How God Celebrated the First Christmas

Christmas, if anything else, is about the giving of gifts to our loved ones. We criticize ourselves for our Americanized commercializing of Christmas (and we should). But we are only reenacting our Father’s giving in love. What we enact around the tree is little and miniscule, compared to how God “celebrated” the first Christmas. I’ll let Paul put it in his words, 1 Tim. 1:12-17, the centerpiece being verse 15: “Christ Jesus came into the world to save sinners, of whom I am the foremost.” But the way God saves sinners should delight, correct and strengthen us.

Paul says this about himself, because he was, before Christ, a triply-bad person (13): a blasphemer, persecutor, and “insolent opponent” of Jesus himself and his church. But God, in Christ, gave mercy (13b, 16a). What did this mercy look like? It came in a gift, v. 14: God gave Paul three things that obliterated the old Paul, that overcame his triple-evil of blasphemy, persecution and insolence: overflowing grace, faith and love. Yes, God gave grace, but along with that, He even gave faith, and love. How did he do it? Not by sprinkling spiritual pixie dust on Paul, and not by waiting for Paul to get his act together, but by giving Christ Jesus (“that are in Christ Jesus”, 14).

God glorifies himself (17), by being the Giver of all that we desire: eternal life over death, in soul-satisfying existence, because we are with the faithful Lover of our souls. Paul is our example: the question is not how bad your sins are, but how lavish and unbreakable is the love of God for His beloved children. He gives His children all they could desire, in Jesus. Therefore He deserves all glory. God’s pursuit of His own glory is not selfish; it is the most generous endeavor in the universe, because it brings infinitely unworthy sinners an infinitely valuable gift: Jesus.

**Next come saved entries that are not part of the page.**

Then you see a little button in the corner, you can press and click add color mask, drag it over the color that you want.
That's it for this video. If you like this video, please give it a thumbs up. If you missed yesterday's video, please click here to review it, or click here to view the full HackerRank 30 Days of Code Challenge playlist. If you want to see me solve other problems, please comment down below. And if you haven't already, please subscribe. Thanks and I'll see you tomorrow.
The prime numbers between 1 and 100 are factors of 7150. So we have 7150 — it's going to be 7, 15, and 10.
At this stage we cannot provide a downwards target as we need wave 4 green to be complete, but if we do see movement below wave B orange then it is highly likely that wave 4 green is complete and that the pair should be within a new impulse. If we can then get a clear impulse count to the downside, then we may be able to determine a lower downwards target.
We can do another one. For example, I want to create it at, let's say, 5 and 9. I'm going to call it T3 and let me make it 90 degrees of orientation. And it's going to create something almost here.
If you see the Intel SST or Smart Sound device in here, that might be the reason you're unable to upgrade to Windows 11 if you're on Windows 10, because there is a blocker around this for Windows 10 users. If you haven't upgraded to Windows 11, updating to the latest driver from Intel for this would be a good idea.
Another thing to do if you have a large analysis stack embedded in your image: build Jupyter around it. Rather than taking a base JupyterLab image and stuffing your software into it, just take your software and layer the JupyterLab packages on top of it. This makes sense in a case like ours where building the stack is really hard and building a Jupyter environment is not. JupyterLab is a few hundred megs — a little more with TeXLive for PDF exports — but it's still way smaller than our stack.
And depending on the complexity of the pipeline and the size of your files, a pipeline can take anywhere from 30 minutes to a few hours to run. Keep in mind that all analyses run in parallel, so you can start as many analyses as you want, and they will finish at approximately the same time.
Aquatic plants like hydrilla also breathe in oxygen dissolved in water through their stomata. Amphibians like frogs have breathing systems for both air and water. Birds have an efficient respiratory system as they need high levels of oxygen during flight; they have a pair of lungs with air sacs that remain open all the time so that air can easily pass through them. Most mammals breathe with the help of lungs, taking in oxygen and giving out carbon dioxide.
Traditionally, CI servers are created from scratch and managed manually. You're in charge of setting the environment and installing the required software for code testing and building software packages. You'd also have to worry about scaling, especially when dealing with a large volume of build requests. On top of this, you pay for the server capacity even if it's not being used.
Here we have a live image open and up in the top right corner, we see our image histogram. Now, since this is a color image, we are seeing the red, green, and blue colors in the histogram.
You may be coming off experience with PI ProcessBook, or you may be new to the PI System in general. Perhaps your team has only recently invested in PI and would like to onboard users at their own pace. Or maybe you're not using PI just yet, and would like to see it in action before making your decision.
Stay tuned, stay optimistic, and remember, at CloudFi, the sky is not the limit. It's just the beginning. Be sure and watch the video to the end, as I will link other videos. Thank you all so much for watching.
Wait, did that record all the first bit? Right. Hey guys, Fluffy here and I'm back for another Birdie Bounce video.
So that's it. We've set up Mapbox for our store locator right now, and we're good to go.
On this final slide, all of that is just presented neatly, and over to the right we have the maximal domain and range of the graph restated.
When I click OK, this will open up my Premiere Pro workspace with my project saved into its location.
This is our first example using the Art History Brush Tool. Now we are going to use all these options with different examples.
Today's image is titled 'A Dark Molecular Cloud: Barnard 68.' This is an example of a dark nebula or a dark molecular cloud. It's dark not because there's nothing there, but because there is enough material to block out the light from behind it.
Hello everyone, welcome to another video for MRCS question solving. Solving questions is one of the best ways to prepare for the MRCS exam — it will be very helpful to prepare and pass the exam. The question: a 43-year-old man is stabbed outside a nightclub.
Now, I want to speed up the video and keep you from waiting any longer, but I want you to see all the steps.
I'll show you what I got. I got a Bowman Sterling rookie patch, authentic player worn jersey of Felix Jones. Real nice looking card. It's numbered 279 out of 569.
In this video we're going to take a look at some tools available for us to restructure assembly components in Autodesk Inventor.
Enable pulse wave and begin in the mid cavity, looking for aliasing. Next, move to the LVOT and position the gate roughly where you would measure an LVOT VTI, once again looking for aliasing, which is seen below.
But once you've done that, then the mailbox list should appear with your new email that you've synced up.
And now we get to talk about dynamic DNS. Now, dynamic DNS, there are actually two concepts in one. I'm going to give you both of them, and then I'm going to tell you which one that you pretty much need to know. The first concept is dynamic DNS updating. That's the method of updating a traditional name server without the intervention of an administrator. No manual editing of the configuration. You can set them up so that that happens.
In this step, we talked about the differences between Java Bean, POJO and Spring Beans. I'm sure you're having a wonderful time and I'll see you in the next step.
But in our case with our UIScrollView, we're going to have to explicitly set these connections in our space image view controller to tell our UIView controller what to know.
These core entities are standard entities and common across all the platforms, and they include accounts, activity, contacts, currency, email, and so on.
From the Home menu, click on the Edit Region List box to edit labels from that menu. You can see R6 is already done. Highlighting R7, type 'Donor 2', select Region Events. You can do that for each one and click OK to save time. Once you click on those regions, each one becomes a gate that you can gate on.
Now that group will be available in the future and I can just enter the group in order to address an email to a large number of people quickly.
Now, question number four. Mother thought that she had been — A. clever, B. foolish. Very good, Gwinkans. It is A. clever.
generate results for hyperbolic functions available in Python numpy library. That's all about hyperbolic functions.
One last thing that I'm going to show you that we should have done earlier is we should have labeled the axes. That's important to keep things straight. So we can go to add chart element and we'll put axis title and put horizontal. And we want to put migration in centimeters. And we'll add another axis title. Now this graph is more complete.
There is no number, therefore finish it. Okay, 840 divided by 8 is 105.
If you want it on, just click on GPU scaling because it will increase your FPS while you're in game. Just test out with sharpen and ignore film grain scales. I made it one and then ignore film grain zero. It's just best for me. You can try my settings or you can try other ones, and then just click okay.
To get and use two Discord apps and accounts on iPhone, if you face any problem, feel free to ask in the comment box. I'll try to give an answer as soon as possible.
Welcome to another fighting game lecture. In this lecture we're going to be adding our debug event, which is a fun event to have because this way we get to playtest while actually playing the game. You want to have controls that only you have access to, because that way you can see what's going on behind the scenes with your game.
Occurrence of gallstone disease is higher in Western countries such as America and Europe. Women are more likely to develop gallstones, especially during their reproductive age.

My exhortation, to you and myself, is simple. What then are you living for, today? Is it his glory? Or something else? The pursuit of his glory and your good are not two different ends. They are the same, in Christ. Don’t desire his glory today? It’s probably because the miniscule trinkets of stuff and attention are sapping that desire. Make way, space for the sight of him. The immortal, invisible King clothes in himself in his Word, displays himself in answer to our prayers, as we seek him with others who feel the same.